There are currently only two federal laws in place that govern the treatment of the almost 10 billion animals raised for food every year in the US. Both laws are rife with exceptions and loopholes, and neither offer animals any protection whilst on the farm where they are bred and raised.
The 28-Hour Law mandates that animals being transported across state lines by vehicle must be unloaded every 28 hours to rest, eat, and drink. The Human Methods of Livestock Slaughter Act requires that animals be anesthetised or stunned before being slaughtered.
Both laws exclude all species of poultry, and the 28-Hour Law doesn’t apply to animals transported by air or water.
With a few very minor exceptions, state laws do not provide farmed animals any further protection from abuse. In fact, most states explicitly exclude farm animals from their animal anti-cruelty laws.
With no legal protections in place, animals raised for food face a range of unchecked abuse and mistreatment. In an effort to combat acts like the beating, torture, skinning alive, and sexual abuse of farms animals, animal welfare groups and concerned individuals have sought to bring public attention to such cruelty in an effort to effect change.

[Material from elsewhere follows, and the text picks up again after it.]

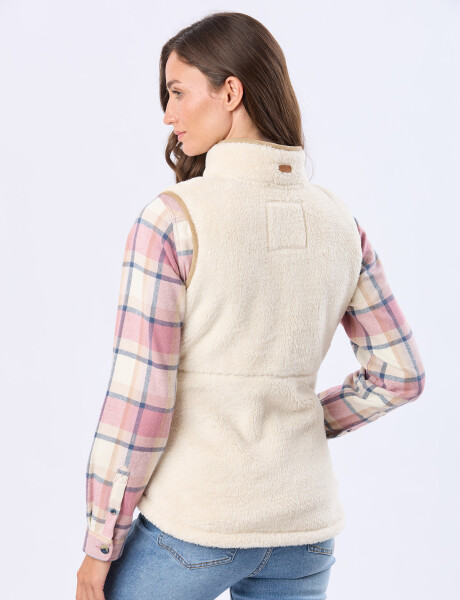 CHALECO SHERPA SUAVE Natural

According to a new study by the Journal of Agricultural Economics, consumers respond to such revelations by eating less meat. Rather than responding to such information by taking steps to prevent cruelty to farm animals, the factory farming industry began to champion so-called ‘ag-gag’ laws that would prevent abuse from being documented or reported.
Ag-gag laws criminalise audio recording, video recording, and photography at farming facilities. Others also make it illegal for animal rights supporters to obtain employment at a farm or farming facility without disclosing that fact prior to being hired. Earlier this year, Amy Meyer was standing outside a slaughterhouse in Utah when she saw a sick cow being pushed by a bulldozer. Even though she was standing on public property while she recorded the event, she was arrested and prosecuted under Utah’s ag-gag law.

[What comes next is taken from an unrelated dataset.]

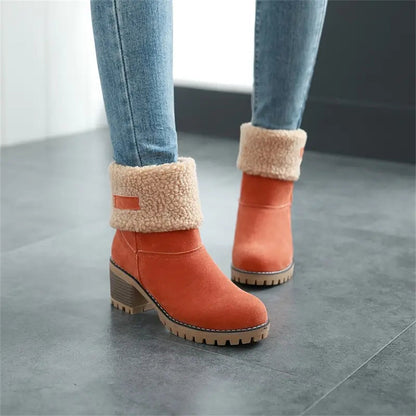 Warm Waterproof Insulated Winter Boots for Women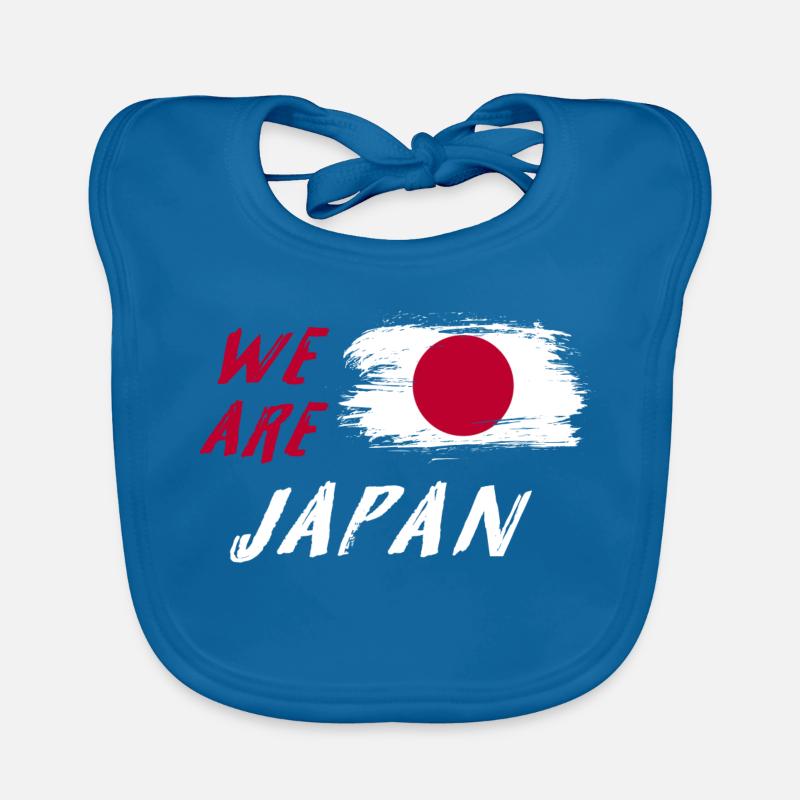 Nous sommes la conception des drapeaux du Japon Bavoir bio Bébé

Six states currently have ag-gag laws on the books and many more have been introduced. Such laws are additionally bolstered by the Animal Enterprise Terrorism Act, signed into law by President George W. Bush in 2006. The Animal Enterprise Terrorism Act makes it illegal to interfere with a company’s profits. If a factory farm employee records abuse at their facility and shares it with the message that people should not purchase meat from that company, they are a terrorist and can go to jail. According to animal rights journalist Will Potter, if convicted, these ‘terrorists’ are sent to special Communications Management Units in US prisons reserved for prisoners with ‘inspirational significance.’
The factory farming industry is aware that the industry standard abuses exposed by covert videos and photographs has the ability to damage their profits. With billions of dollars of influence, the industry has the government on their side.

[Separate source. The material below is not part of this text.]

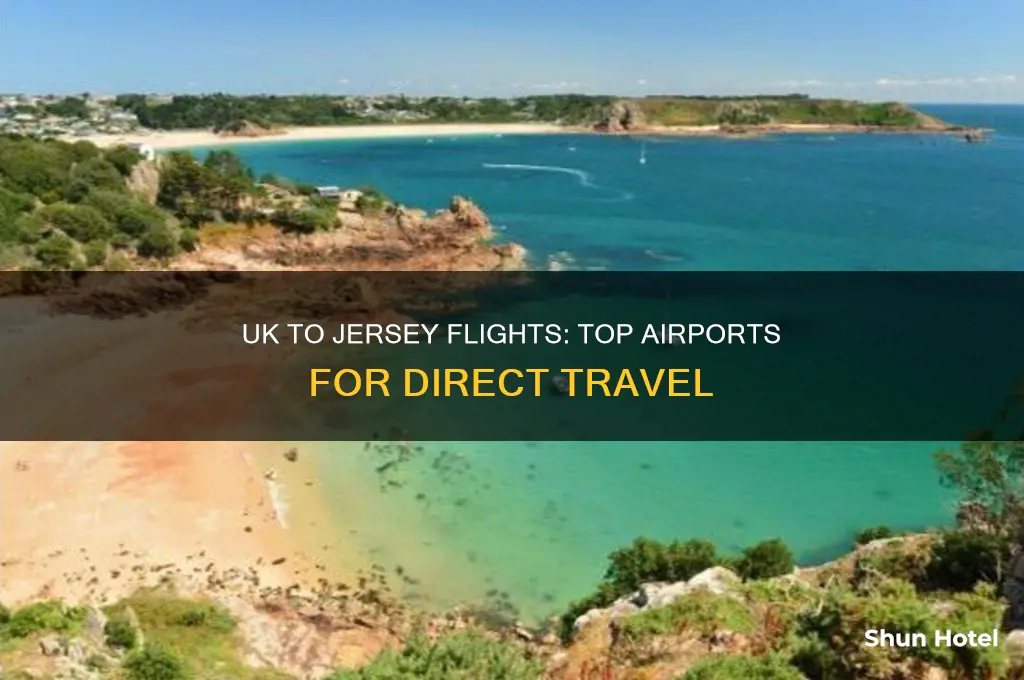which airports fly to jersey from uk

While ag-gag laws were pioneered in the US, a country notorious for its factory farming abuses, other countries with large farming industries are beginning to take note.
‘Inspirational Significance’: The Dangers of Widespread Ag-Gag
Australia has exported more than 160 million live animals over the past 30 years. According to the Royal Society for the Prevention of Cruelty to Animals, more than 2.5 million of those animals died on the voyage overseas. In March of this year, a video of two workers beating pigs at a slaughterhouse for Australia’s biggest pork producer led to the termination of their employment.
Such revelations have resulted in an increased awareness of animal cruelty and more calls for protection. However, the Australian live animal export sector earned 996.5 million Australian dollars (932,798,737.50 US dollars) in 2009 alone. The industrial lobby has the potential to be as influential here as in the US. Already, New South Wales Primary Industries Minister Katrina Hodgkinson has borrowed from US anti-activist jargon, saying that undercover investigators are ‘akin to terrorists.’ According to the Sydney Morning Herald, ‘West Australian Liberal Senator Chris Back and a number of Australian federal politicians’ from both sides have ‘voiced support for US-style ag-gag laws.’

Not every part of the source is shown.